Yup, masuk bahasan selanjutnya adalah keberatan. Keberatan adalah cara yang ditempuh oleh Wajib Pajak jika merasa tidak puas atau kurang puas atas suatu ketetapan pajak yang dikenakan kepadanya atau atas pemotongan / pemungutan oleh pihak ketiga. Saya yakin, sebagian besar Wajib Pajak melakukan proses keberatan karena surat ketetapan pajak (SKP) yang dianggap tidak adil. Dan surat ketetapan pajak itu biasanya diterbitkan sebagai produk dari pemeriksaan pajak. Ya, keberatan umumnya didahului dengan proses pemeriksaan. Seorang pemeriksa pajak tentu banyak berbeda pendapat dengan Wajib Pajak tentang perlakuan perpajakan atas suatu transaksi yang dilakukan oleh Wajib Pajak. Jika dalam pembahasan dengan Wajib Pajak tidak menemukan titik temu, maka tidak jarang pemeriksa pajak mengeluarkan jurus “pokoknya”. Selama argumentasi  pemeriksa pajak memiliki landasan yuridis, selaras dengan “akal sehat”, maka pendapat pemeriksa dapat dipertahankan dan hakim banding-lah yang menentukan benar tidaknya pendapat pemeriksa pajak. Surat keberatan dapat disampaikan dengan cara :
·      Secara Langsung ke KPP tempat WP terdaftar Tanggal surat keberatan diterima adalah tanggal saat surat diterima di Tempat Pelayanan Terpadu KPP. Wajib pajak akan menerima bukti penerimaan Surat keberatan.

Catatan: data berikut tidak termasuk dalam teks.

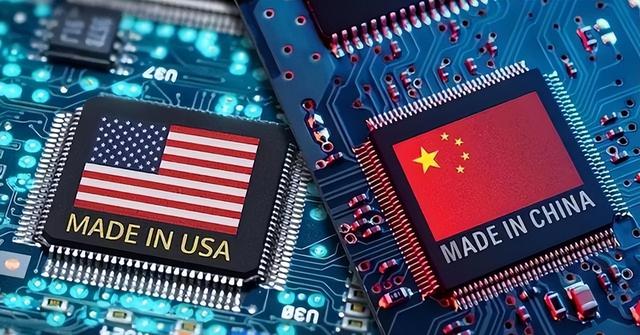 西方不愿承认但不得不面对的事实：中国远远落后美国的时代结束了​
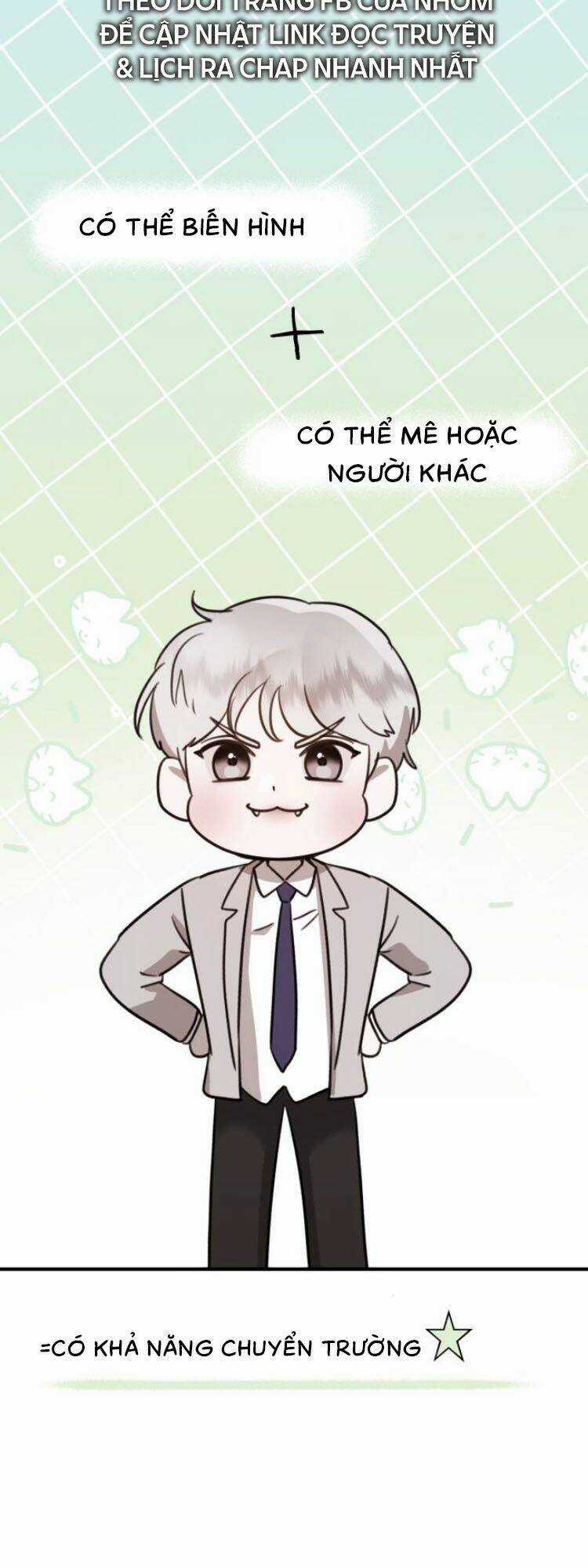 Thần Hổ Jangsan Chapter 9 trang 43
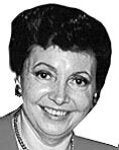 DOÑA MARÍA DE LOS ÁNGELES CAMPORREDONDO ARRONTE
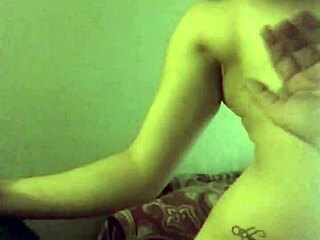 Teen nikki bliss blows neighbor while getting fingered to uncontrollable orgasm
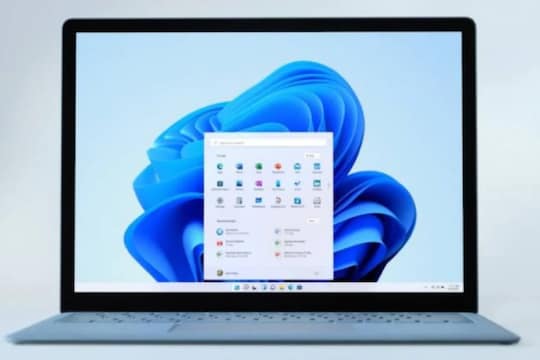 Microsoft Windows 11 लाँच, 6 वर्षानंतर नवं अपडेट; युजर्सला मिळणार हे खास फीचर्स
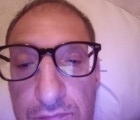 Bruno 54 ปี Gennevilliers France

·      Surat Keberatan diterima secara Phisik oleh petugas DJP
·      Disampaikan melalui kantor pos dan giro dengan pengiriman pos tercatat. Bukti pengiriman melalui pos (Resi) merupakan tanda bukti penerimaan surat keberatan.
Pengajuan Keberatan diajukan kepada Kepala Kantor Pelayanan Pajak (KPP) di tempat Wajib Pajak terdaftar dengan syarat-syarat mengajukan keberatan:
1.      Satu Keberatan harus diajukan untuk satu jenis dan satu tahun/masa pajak;
2.       Diajukan secara tertulis dalam bahasa Indonesia;
3.      Wajib menyatakan alasan-alasan secara jelas;
4.      Wajib menyebutkan jumlah pajak yang terutang menurut penghitungan Wajib Pajak.

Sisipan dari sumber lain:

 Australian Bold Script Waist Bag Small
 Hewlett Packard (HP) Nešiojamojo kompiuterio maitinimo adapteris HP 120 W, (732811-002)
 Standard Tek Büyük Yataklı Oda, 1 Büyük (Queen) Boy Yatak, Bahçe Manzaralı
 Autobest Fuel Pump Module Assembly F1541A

Selanjutnya kita akan membahas mengenai BANDING. Banding adalah cara yang dapat diambil oleh wajib pajak apabila si wajib pajak merasa kurang puas dengan hasil keputusan dari keberatan yang sudah diajukan. Dalam keberatan dan banding dikenal dengan istilah pemeriksaan dan penyidikan. Pemeriksaan merupakan kegiatan yang digunakan untuk menguji kepatuhan dari wajib pajak dalam memenuhi kewajibannya dalam membayar pajak dan melaksanakan ketentuan dari Undang-Undang Perpajakan. Proses dari pemeriksaan yaitu:
1.    Kepala kantor KPP memberikan usulan pemeriksaan pada kanwil
2.    Lalu kanwil akan memberikan LP 2 (Lembar Penugasan Pemeriksaan) pada Kepala KPP
3.    Setelah itu kepala KPP akan membuat nota dinas dan menunjuk tim pemeriksa. Nota dinas ini digunakan oleh tim pemeriksa sebagai dasar persiapan dan perencanaan pemeriksaan.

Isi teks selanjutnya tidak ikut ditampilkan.